### Memory and Cache

How fast can Xeon Scalable Processor chips go? To achieve the nominal peak flop/s rate, every VPU has to execute a fused multiply-add (FMA) instruction on vectors of 16 floats (= 512 bits) on every cycle. The FMA is a pipelined instruction that can effectively double the flop/s rate — but only for operations can be expressed as a multiplication followed by an addition. Under the big assumption that this can be arranged, we make the following calculation, using the pair of Skylake SKX processors in Stampede3 node as an example:

\[{48\:\text{cores}} \times 2 {\text{VPUs}\over \text{core}} \times 16 {\text{floats}\over \text{VPUs}} \times 2 {\text{flops}\over \text{cycle}} \times 2.1 {\text{Gcycle}\over \text{s}} ≈ 6450 {\text{Gflop} \over \text{s}}\]

**How fast is fast enough?** The figure that really matters to floating-point performance is the number of vectors that can be processed in each cycle. So let's put the SKX memory bandwidth numbers into context by converting them to the vectors per cycle that can be moved into and out of RAM.

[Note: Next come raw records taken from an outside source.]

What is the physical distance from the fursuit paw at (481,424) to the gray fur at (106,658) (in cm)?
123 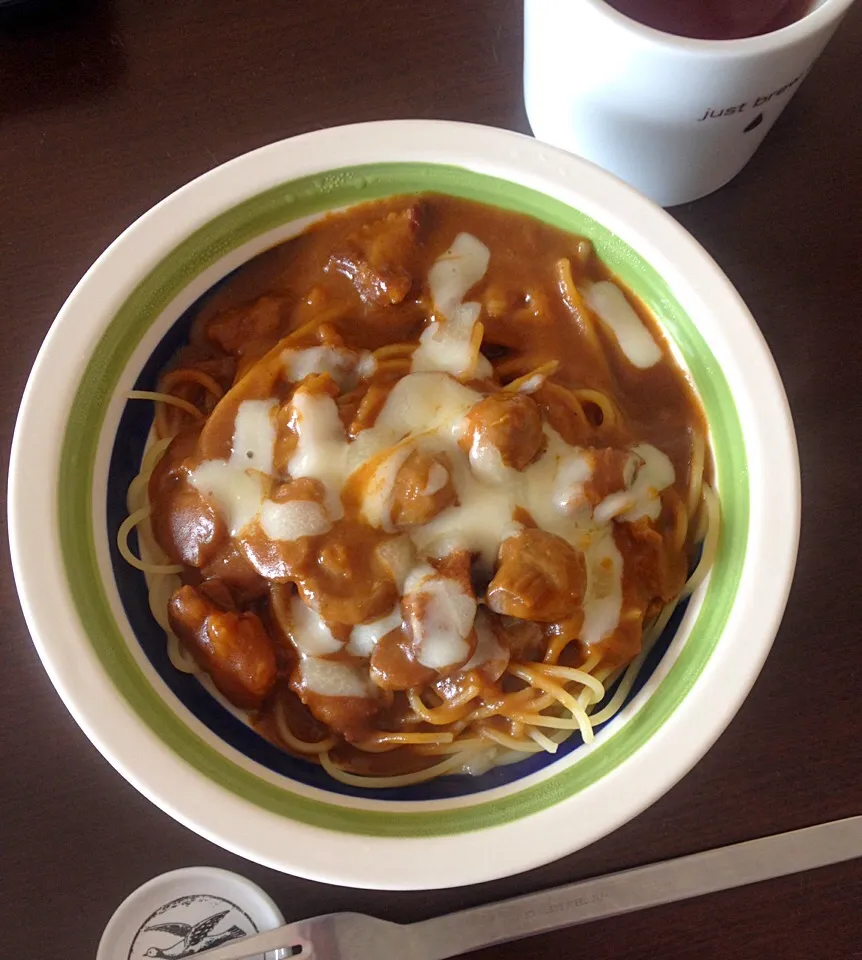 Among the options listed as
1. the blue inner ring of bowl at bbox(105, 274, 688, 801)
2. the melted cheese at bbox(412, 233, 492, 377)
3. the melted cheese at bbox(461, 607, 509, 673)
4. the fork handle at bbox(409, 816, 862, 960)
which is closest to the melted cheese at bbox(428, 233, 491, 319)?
the melted cheese at bbox(412, 233, 492, 377)

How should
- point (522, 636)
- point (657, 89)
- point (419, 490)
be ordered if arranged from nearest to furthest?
1. point (657, 89)
2. point (419, 490)
3. point (522, 636)

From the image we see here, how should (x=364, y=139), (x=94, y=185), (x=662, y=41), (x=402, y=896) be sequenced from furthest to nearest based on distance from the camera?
1. (x=94, y=185)
2. (x=402, y=896)
3. (x=364, y=139)
4. (x=662, y=41)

The unit of data transfer between memory and cache is the cache line. Conveniently, in SKX (as well as Cascade Lake CLX), the cache line size is as the same as the vector width, 512 bits or 64 bytes, which makes our calculation easy. On Stampede3, the peak memory bandwidth for DDR4 RAM is 128 GB/s/socket, or 256 GB/s/node (see this footnote #1 for details). Therefore, the approximate number of vectors that can be processed is:

\[ {256\:\text{GB}\over\text{s}}\:\times\:{{\text{cache line}\over64\:\text{B}}\:\times\:{\text{s}\over2.1\:\text{Gcycle}}\:≈\:{1.9\:\text{vector}\over\text{cycle}}} \]

Processing close to two vectors/cycle looks great, until we remember that there are 48 cores on the SKX nodes, each of which can do 2 vector multiplies and 2 vector adds in every cycle. To feed these vector units so that each is performing a computation such as `d[i] = a[i]*b[i] + c[i]`

for vectors `a, b, c, d`

, we would need to be able to move 6 vector operands and 2 vector results from and to RAM every cycle, for all 48 cores. This would require a bandwidth of 8*48 = 384 vectors/cycle to run at full capacity, as compared to our available throughput of approximately 2 vectors/cycle.

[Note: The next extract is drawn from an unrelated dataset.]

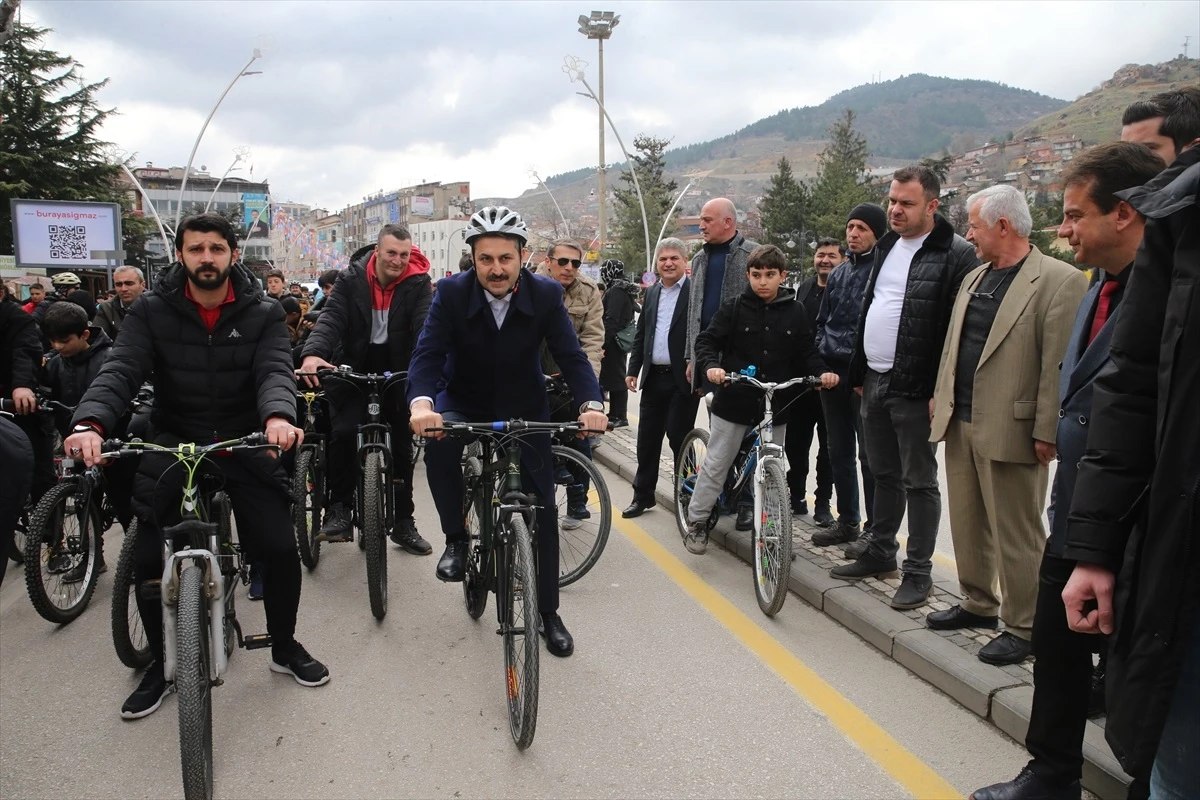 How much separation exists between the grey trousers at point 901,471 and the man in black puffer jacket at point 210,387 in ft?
9.99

In practice, we don't need that much memory bandwidth. Some vectors of data will simply stay in registers while a computation is in progress. Most other vectors will be fetched from, or stored into, cache memory—the fast levels of memory that sit between the registers and RAM.

**Thus cache is important too!** Achieving the peak flop/s rate in SKX/CLX (like any processor) depends critically on a code's ability to reuse vectors that are already close to the cores—in registers, or in the L1d cache, or in the private L2 caches. Keeping the active data near the cores is what really makes the whole chip hum:

\[ \text{Local L1d cache:}\:\:\: {{{2\:\text{vector reads}\:+\:1\:\text{vector write}}\over{\text{cycles}\over\textbf{core}}}\:=\:{{3\:\text{vectors}\over{\text{cycles}\over\textbf{core}}}}} \]

\[ \text{Local L2 cache:}\:\:\: {{{1\:\text{vector read}\:+\:0.5\:\text{vector write}}\over{\text{cycles}\over\textbf{core}}}\:=\:{{1.5\:\text{vectors}\over{\text{cycles}\over\textbf{core}}}}} \]

The tradeoff is that these areas of memory are relatively small. The L1 data cache contains only 512 cache lines (or vectors) for a total of 32 KB per core for both SKX and CLX, yielding an aggregate of 1.5 MB for all 48 cores on a Stampede3 SKX node, or 1.8 MB on the 56 cores of a Frontera CLX node. The larger L2 cache engineered into the Xeon Scalable Processors (1 MB per core) results in 48 MB of L2 cache on each SKX node (24 MB per socket), and 56 MB on each CLX node (28 MB per socket). These numbers are also reproduced in our summary table on Xeon Scalable Processors at TACC.